第5回 憲法答案(人権問題・14条以外・法令違憲)の基本構造 その1
0 議論の大枠について
第1回で法適用の基本構造について紹介しましたが、憲法(人権問題)は、これがうまく使えない科目です。
人権問題の処理には独特の手順があり、その大きな流れは以下のとおりになります。(以下、当ブログでは、これを「人権処理の手順」と呼びます。)
①問題とする自由の特定
②上記①の自由が憲法上の権利であることの論証
③上記①の自由が制約されていることの指摘
④憲法上の権利も公共の福祉等の制約に服することの宣言
⑤違憲審査基準の定立
⑥あてはめ
⑦結論
各手順について、以下具体的に説明します。
なお、14条(平等権侵害)の場合や適用違憲等の場合は少し議論の流れが変わってきますので、今回は、比較的利用頻度の高い「14条以外の人権問題の法令違憲の処理方法」についての説明です。
1 ①問題とする自由の特定
(1)なぜ「自由の特定」が必要なのか
憲法問題では通常、「Xの憲法上の主張」が問われますが、そのような主張をするには、「国等の行為が、Xの何らかの憲法上の自由を侵害している」という主張を論じる必要があります。したがって、まずは議論のスタートラインとして、「どのような自由を問題とするのか」を特定する必要があります。
(2)どのような自由を問題とすべきか
問題とする自由については、「法〇条は、『表現の自由』を侵害しないか」といった抽象的な指摘ではなく、「法〇条は、『〇〇という場所において~の方法で意見を表明する自由』を侵害しないか」など、本件に即した具体的な自由を特定する必要があります。
その理由は、「ある程度具体的な自由を特定することで、その自由の持つ性質を具体的に検討することができるようになり、それがそのまま審査基準定立の根拠となってくる」からです。つまり、「通り一遍の抽象的議論ではなく、本件に即した具体的検討」をするためには、ある程度具体的に自由を特定する必要がある、ということです。
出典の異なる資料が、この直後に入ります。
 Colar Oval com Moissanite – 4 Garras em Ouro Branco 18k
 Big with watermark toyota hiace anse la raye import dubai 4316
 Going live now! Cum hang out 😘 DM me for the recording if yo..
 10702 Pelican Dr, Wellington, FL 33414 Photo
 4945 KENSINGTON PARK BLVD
具体的にどのような自由を問題とするかは設問によりさまざまなので、問題集等でイメージを持っておくのが良いです。
2 ②権利性の論証
(1)権利性の論証が必要となる理由
憲法上の主張が問われているわけですから、①で問題とした自由が「憲法上保障される自由」であることを論証する必要があります。
(2)「憲法上保障される自由」とは
「憲法上保障される自由」と「憲法上保障されない自由」にはいくつか違いがありますが、決定的なのは、「憲法上保障されない自由は(基本的には)法律で制約し放題である」ということ(つまり法令違憲の根拠となりえないということ)です。他方、「憲法上保障される自由は、法律で制約するにも限度がある」ということです。
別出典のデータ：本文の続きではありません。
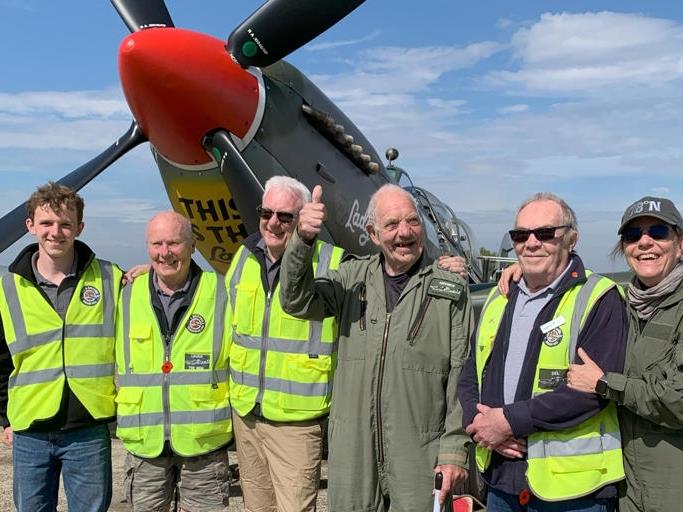 McCarthy & Stone homeowner 93-year-old Bob takes to the skies for “the flight of a lifetime” in a Spitfire.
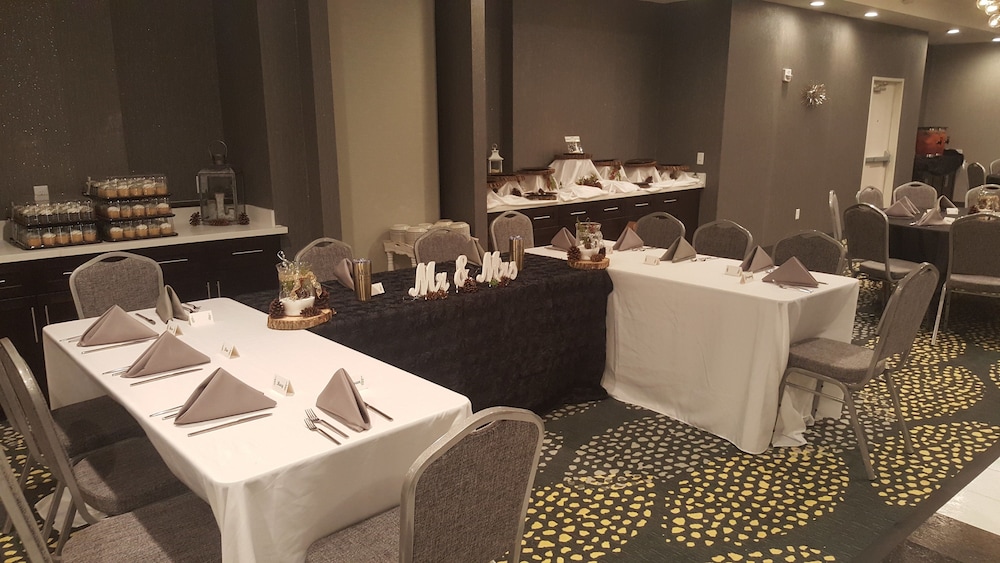Holiday Inn & Suites Decatur Forsyth by IHG - photo 52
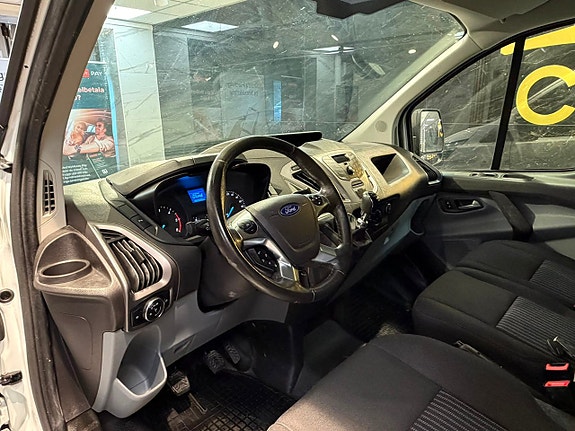 Ford Transit Custom 13 of 24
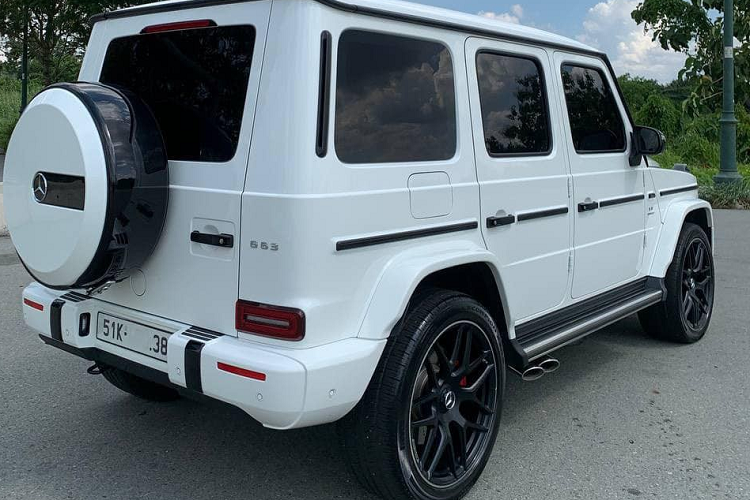 Giống với nhiều chiếc Mercedes-AMG G63 tại Việt Nam, chiếc G63 của nữ ca sĩ Hiền Hồ có khoang nội thất nổi bật với tông màu đen-đỏ phối hợp cùng nhau. Tuy nhiên, phần lớn các chi tiết bên trong khoang nội thất ít được sử dụng chất liệu carbon.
したがって、「憲法上保障される自由」にあたるには、それ相応の「権利としての重要度」が必要です。
(3)権利性論証の書き方
試験対策との関係では、「憲法第3章に列挙されている権利そのものに当たるか、それと同視できる性質をもつ重要な権利かどうか」といった視点で論じるのが良いでしょう。
よくある書き方を例にすると、「営業の自由は、それが保障されなければ、選択した職業において営業ができなくなるため、職業選択の自由を保障した意味がなくなる。したがって、営業の自由は22条1項で保障される」などとなります。
3 ③自由制約(権利制約)の指摘
違憲性を議論するためには、まずは当該法令によって権利が制約されていることが必要なので、ここの指摘が必要になります。
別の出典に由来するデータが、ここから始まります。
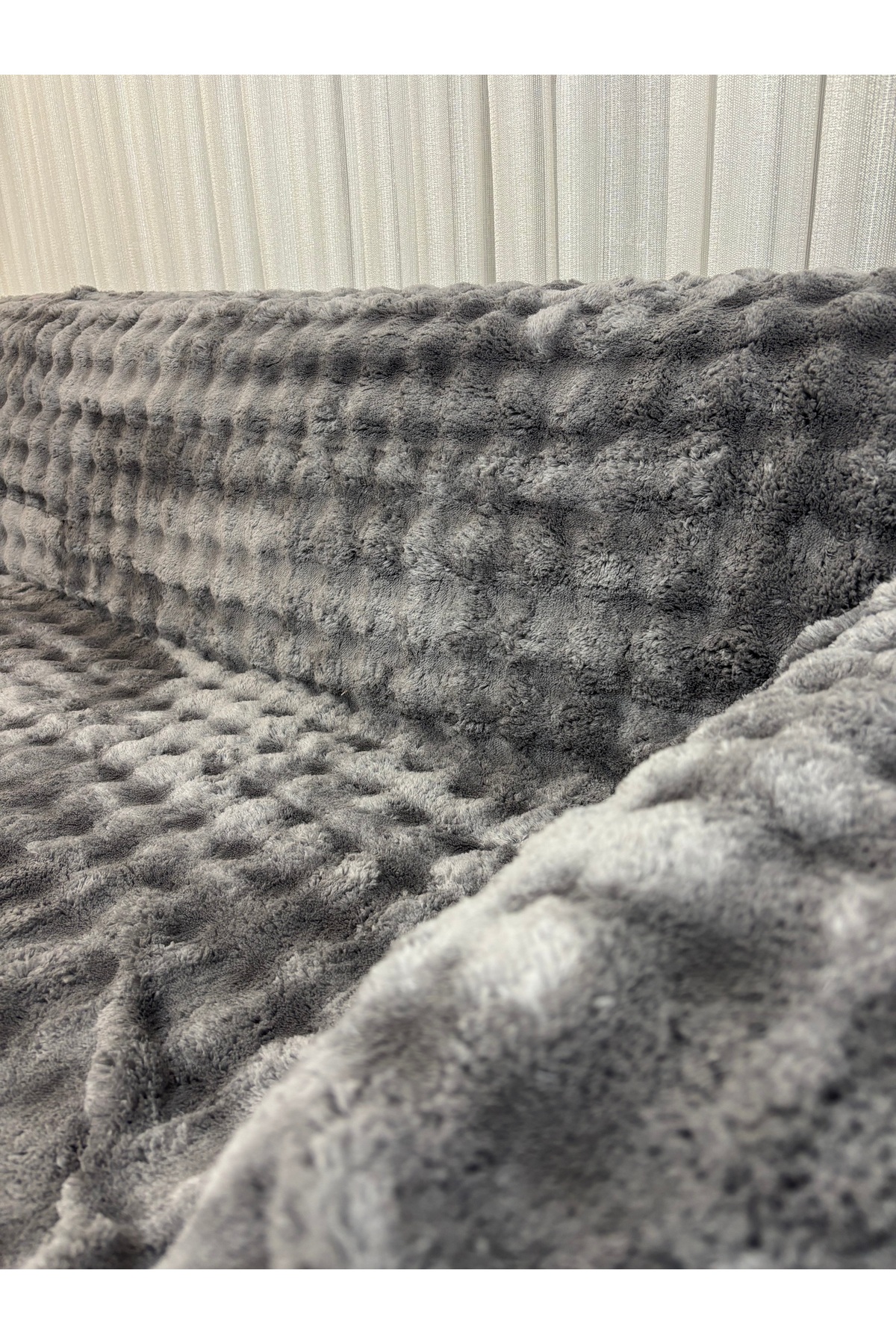 Sarar Yeni Nesil Bubble Peluş Koltuk Örtüsü Pofuduk - Görsel 3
具体的には、「~する際には、法〇条により・・・の条件を課されるため、〇〇の自由は法〇条により制約されている。」などと指摘するのが考えられます。
ある行為を法令がはっきり禁止している場合は権利制約がわかりやすいのですが、そうではなく、間接的・軽微な負担を課しているにすぎない場合などもあります。そのような場合は、原告の主張する自由が、当該法令によってどのように制約されているかもしっかり指摘する必要があります。